I bought a HOWA Model 1500 would like to adj. the trig.  I saw an instructional video on you tube but now it is gone.  Can anyone give me some tips, kinda what to do and what not to do?  Thanks for your help!


----------



## MOTS (Jan 26, 2010)

Get a Timney trigger. You should be able to drop it in yourself.


----------



## miles58 (Jan 26, 2010)

I have a Howa 1500 in .243.  It came with a typical factory trigger.  I started by adjusting the pull weight (loosen the lock nut on the front of the triggerjust a little then lighten up the pull weight).  In my case after adjusting the pull weight it also broke very cleanly with virtually no creep.  

When you finish, tighten the lock nut.  Then, try to slam fire it (work the bold hard and fast).  Next bounce the butt off the floor.  If it does not trip the trigger you can glue/lacquer/locktite (blue, not red) the screw and move on to setting the travel.
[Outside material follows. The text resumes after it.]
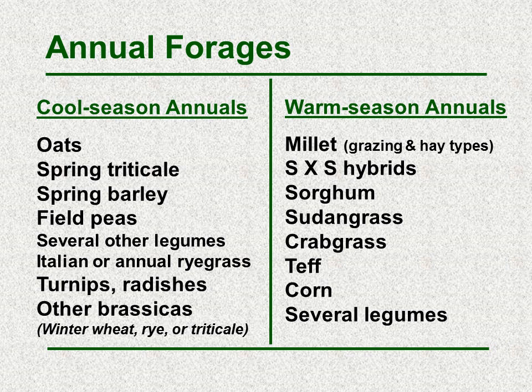For warm seasons we have millet — both grazing and hay types — sorghum sudangrass hybrids, straightforward sorghum sudangrass, and we've also seen some use of crabgrass, teff, forage corn, and other potential legumes. Additionally, sometimes forage cocktails or cover crop mixtures include both cool and warm seasons within the same seeded mix.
Mine adjusted down to 2 lbs or so and is a very nice trigger.  I certainly would not replace it with anything.


----------



## jglenn (Jan 26, 2010)

pull  the action from the stock

the front screw on the trigger is the trigger return adjustment(pull pressure)  you can back this out to reduce the pull weight.
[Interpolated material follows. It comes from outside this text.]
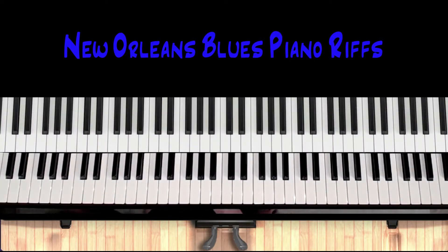This video is going to cover a few types of New Orleans blues riffs that are used in swing and old-school blues.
the screw on the rear is the Sear engagement.. I'd suggest you not mess with this.  If you do then be darn sure your safety still works as this is a trigger block type of safety. reducing the sear engagement can make the safety inop.. This can be fixed but I'd really suggest a smith do this if reducing the front screw doesn't work for you. 

the trigger on the newer Howe or Weatherby Vanguard is very similar to a timney BTW.

With any trigger adjustment do a full safety test afterwards. make sure the weapon is empty. cock the rifle,  engage the safety..pull the trigger... take the safety off and bang the side of the stock HARD with your hand. it should not fire...


----------



## moemoe (Jan 27, 2010)

*Thanks*

Gents,
Thanks I am going to give this a shot tonight.  I will post and let you know what happens.  I had heard that the trigger is close to the quality of an aftermarket trigger.


----------



## jglenn (Jan 27, 2010)

i have a 257 Roy in a Vanguard and it's trigger is outstanding after playing with it.


----------



## miles58 (Jan 27, 2010)

moemoe said:


> Gents,
> Thanks I am going to give this a shot tonight.  I will post and let you know what happens.  I had heard that the trigger is close to the quality of an aftermarket trigger.



I consider mine after adjustment to be the equal of any I have used.  And like jglenn said, I also would not mess with the sear though unless it's absolutely necessary and do not forget to re-seal the threads on the pull weight adjustment screw.

Dave


----------